After three years of working for the JET Program as an ALT, Laura moved back to Oregon in 2020 to obtain her Master of Arts in Teaching from the University of Portland. Laura describes how she was able to move back to Japan after graduate school:
“The connections I made during the JET Program definitely helped me. While I was in graduate school, I contacted an acquaintance who worked at Shimane University. I was considering teaching abroad again and I wanted to ask her about what it was like to teach at universities and international schools. She gave me a lot of good information about the application processes to these institutions, and then later mentioned that a job was open in
Shimane. I put my name in and I was accepted.”
The JET Program allowed her to gain teaching experiences and connections that helped her get to where she is today.

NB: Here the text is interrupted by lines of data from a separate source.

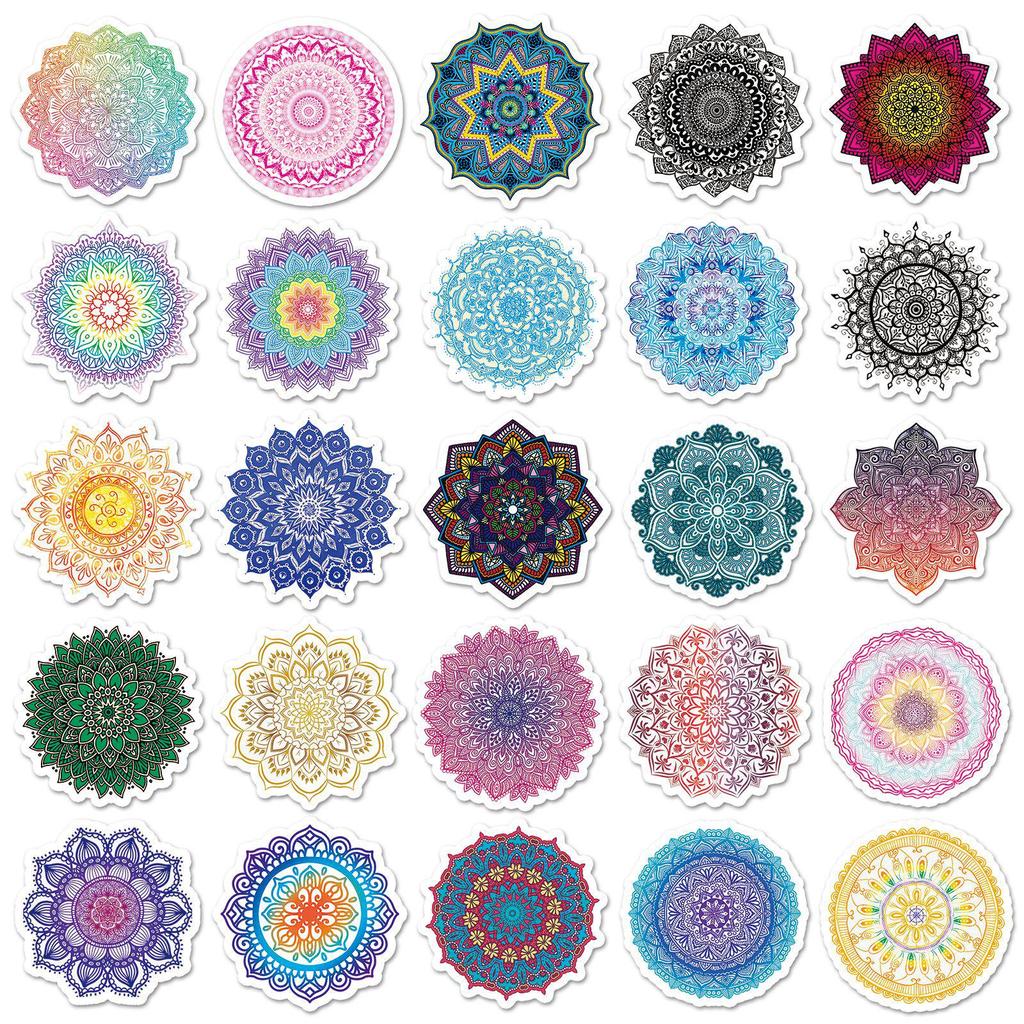 50 Iridescent Mandala Stickers - Waterproof DIY Decoration for Stationery and Milk Tea Cups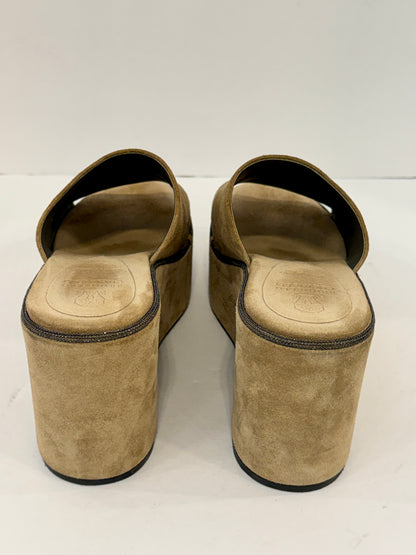 BRUNELLO CUCINELLI Beige Suede Metallic Embellishment Wedges Sandals / US7-EU38
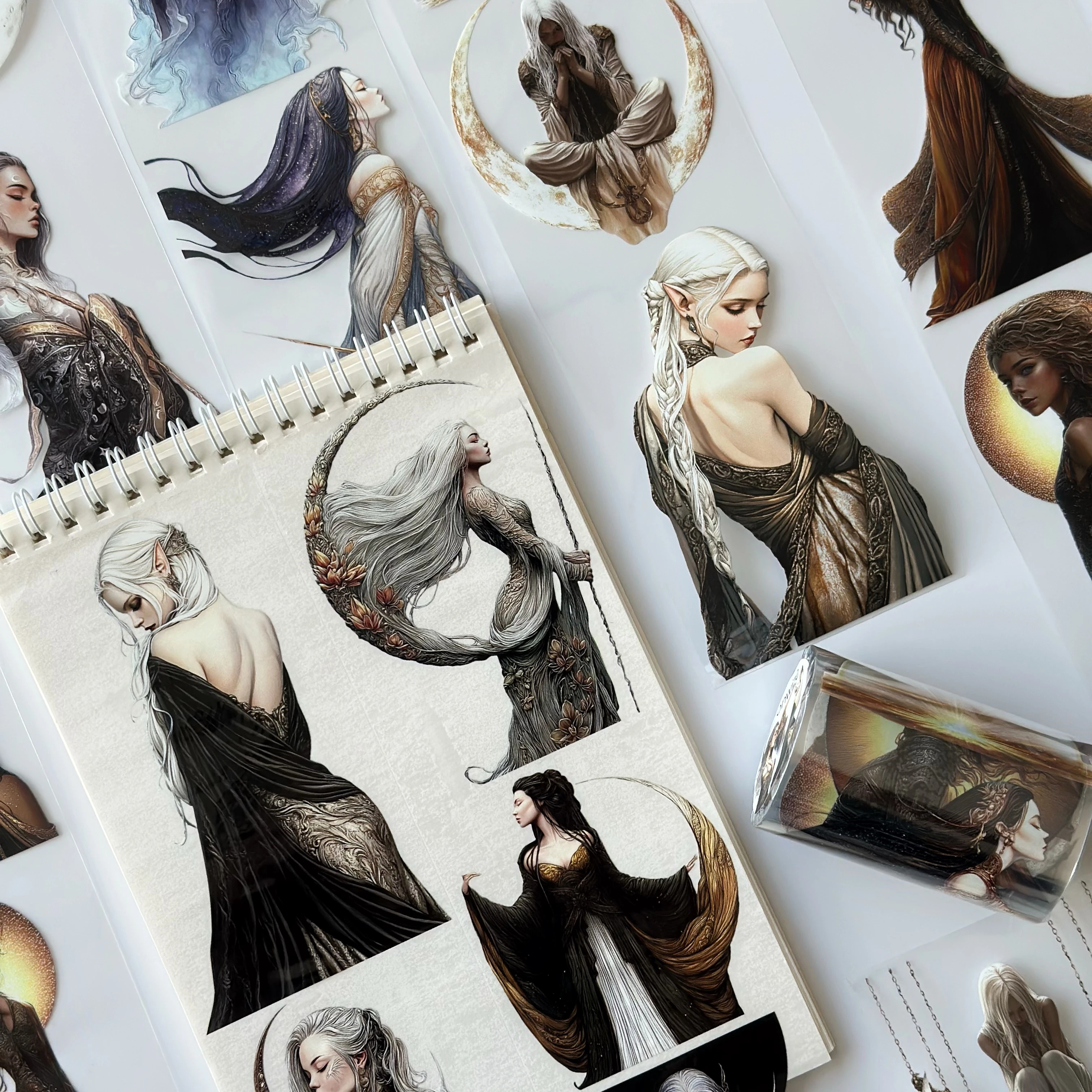 Moonlight Goddess Pet Tape – Mystic Fantasy Women, Golden Moon Aesthetic, Elegant Dark Art, Tax Included – SRP161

“Honestly, so much of who I am today is because of my experiences in Japan.”
— Laura Payne
In September of 2021, Laura journeyed back to the Shimane Prefecture, and is now working as a Special Commissioned Instructor (and part-time TESOL teacher) at Shimane University in Matsue City. Matsue City is the capital of this prefecture and is also a castle town! Laura teaches online classes four days out of the week and has two lunch clubs. As a part-time TESOL teacher, she also schedules side jobs that might entail judging speech/recitation contests, coaching students who are preparing for language contests, or private tutoring. Studying and working abroad has shown Laura the kind of teacher that she aspires to be. She says, “Honestly, so much of who I am today is because of my experiences in Japan. Since I’ve worked with so many different teachers and in so many different school environments, I was able to think hard about the kind of educator I wanted to be and what practical things I could do in a classroom to become that educator.” Her time in Japan has added to her life in so many ways: traveling, appreciating other cultures, teaching, forming new connections, and developing relationships with her students.
Being in Japan has allowed her to not only find her dream career, but it has also showed her the beauty of the Japanese culture and indulge in simple things that she hadn’t before:
“I learned to appreciate cooking while in Japan. I had a lot of time in the evenings at one point, so I started experimenting with recipes, and eventually I realized that cooking was relaxing. I’m also more conscious of keeping things clean now, because one of my students taught me that cleaning a space can clear your mind. The way that Japan takes time to cherish the changing of seasons by admiring seasonal food, flowers and holidays taught me to slow down and appreciate time passing. I could go on and on about how my time here has shaped me because working here was my first real job. This was where I got my first apartment that I could afford to pay for myself. This is where I actually felt like I was an independent, stable adult for the first time.”
Going from the fast-paced style of the US to the slower, more appreciative lifestyle of Japan has greatly impacted Laura and will stay with her. She uses her BA in English and MAT everyday while teaching. Laura gives a lot of credit to her English Education Capstone project and linguistic courses here at SOU. Her capstone taught her how to do lesson plans and her linguistic courses gave her the grammar foundations needed to teach English.